Exercise aim => All of the data below is to be repeated exactly, except for the pictures.

Records shown =>
↓
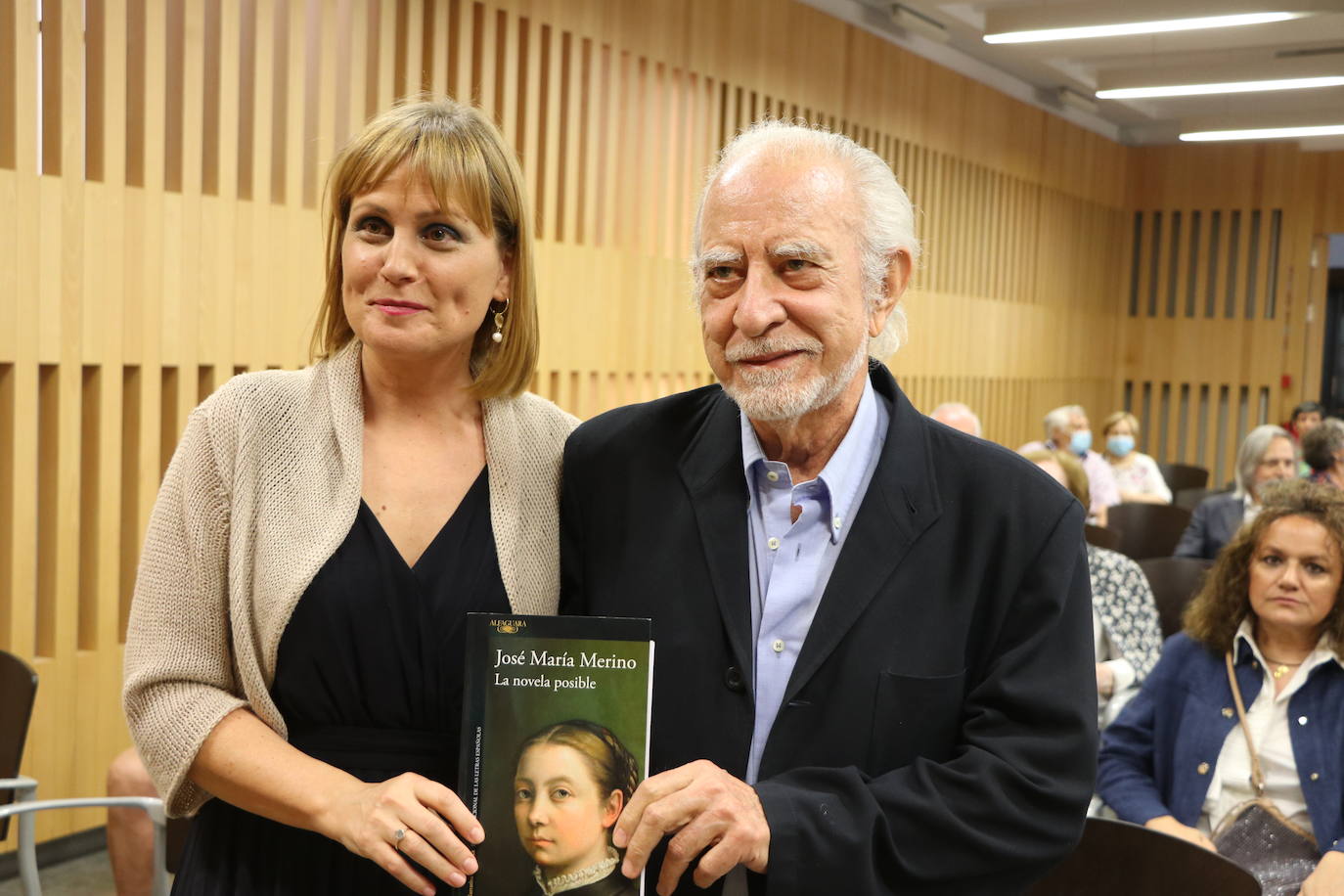 El escritor leonés presenta en la Fundación Sierra Pambley su último trabajo en el que repasa la vida de la pintora de la corte de Felipe II | En la presentación le ha acompañado Natalia Álvarez con la que ha desgranado cómo fue escribir la novela durante el confinamiento.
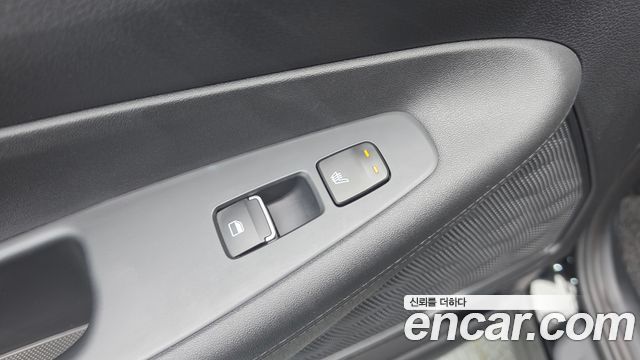Hyundai Santa Fe HEV 1.6 2WD Exclusive 2023 — фото 30
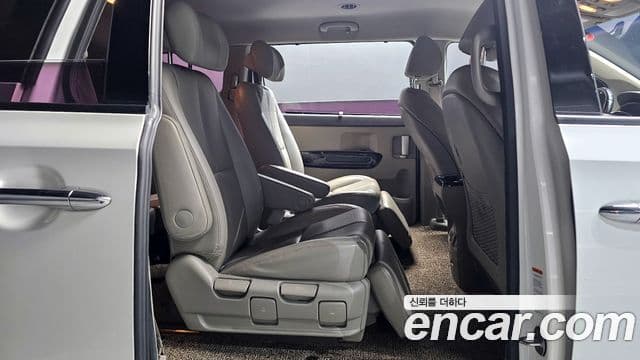 Kia All New Carnival President, 2016 13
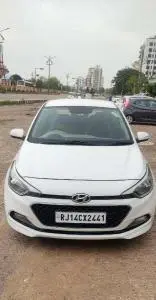 Hyundai i20 Sportz 1.4 (O) 2014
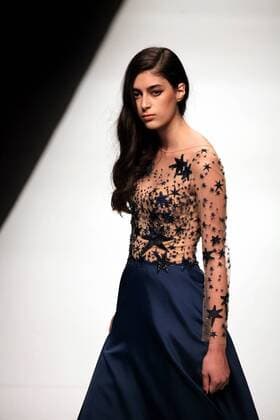 (160415) -- SHANGHAI, April 14, 2016 -- A model presents a creation by the Turkish brand Tarik Ediz during the Shanghai Fashion Week in Shanghai, east China, April 14, 2016. ) (ry) CHINA-SHANGHAI-FASHION WEEK (CN) ZhuangxYi 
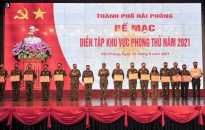 Bế mạc diễn tập khu vực phòng thủ thành phố năm 2021 - 24 tập thể có thành tích xuất sắc được khen thưởng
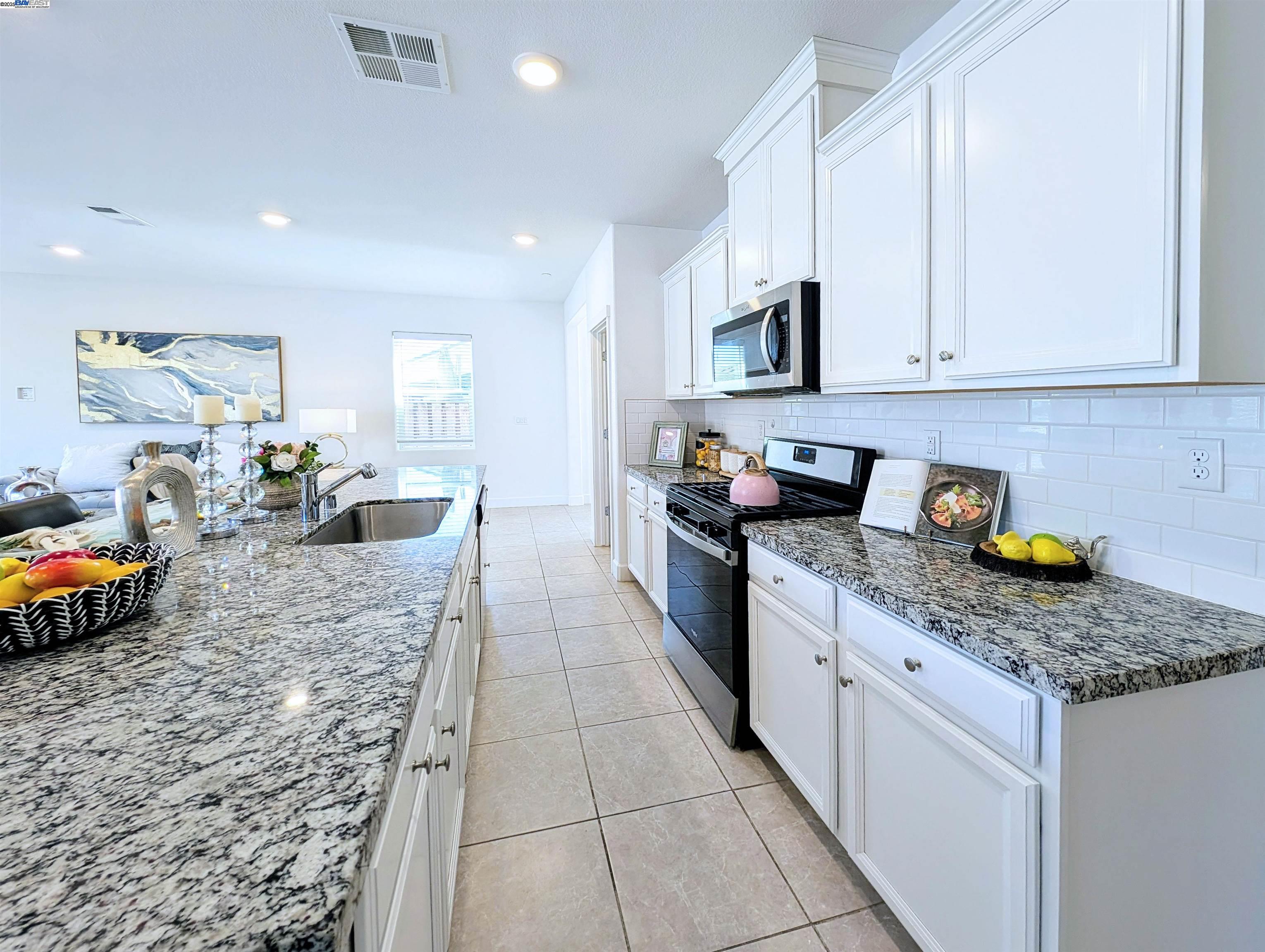Detail Gallery Image 14 of 43 For 5315 Potter Valley Ln, Antioch,  CA 94531 - 4 Beds | 3 Baths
↑
Answer section =>
 El escritor leonés presenta en la Fundación Sierra Pambley su último trabajo en el que repasa la vida de la pintora de la corte de Felipe II | En la presentación le ha acompañado Natalia Álvarez con la que ha desgranado cómo fue escribir la novela durante el confinamiento.
Hyundai Santa Fe HEV 1.6 2WD Exclusive 2023 — фото 30
 Kia All New Carnival President, 2016 13
 Hyundai i20 Sportz 1.4 (O) 2014
 (160415) -- SHANGHAI, April 14, 2016 -- A model presents a creation by the Turkish brand Tarik Ediz during the Shanghai Fashion Week in Shanghai, east China, April 14, 2016. ) (ry) CHINA-SHANGHAI-FASHION WEEK (CN) ZhuangxYi 
 Bế mạc diễn tập khu vực phòng thủ thành phố năm 2021 - 24 tập thể có thành tích xuất sắc được khen thưởng
Detail Gallery Image 14 of 43 For 5315 Potter Valley Ln, Antioch,  CA 94531 - 4 Beds | 3 Baths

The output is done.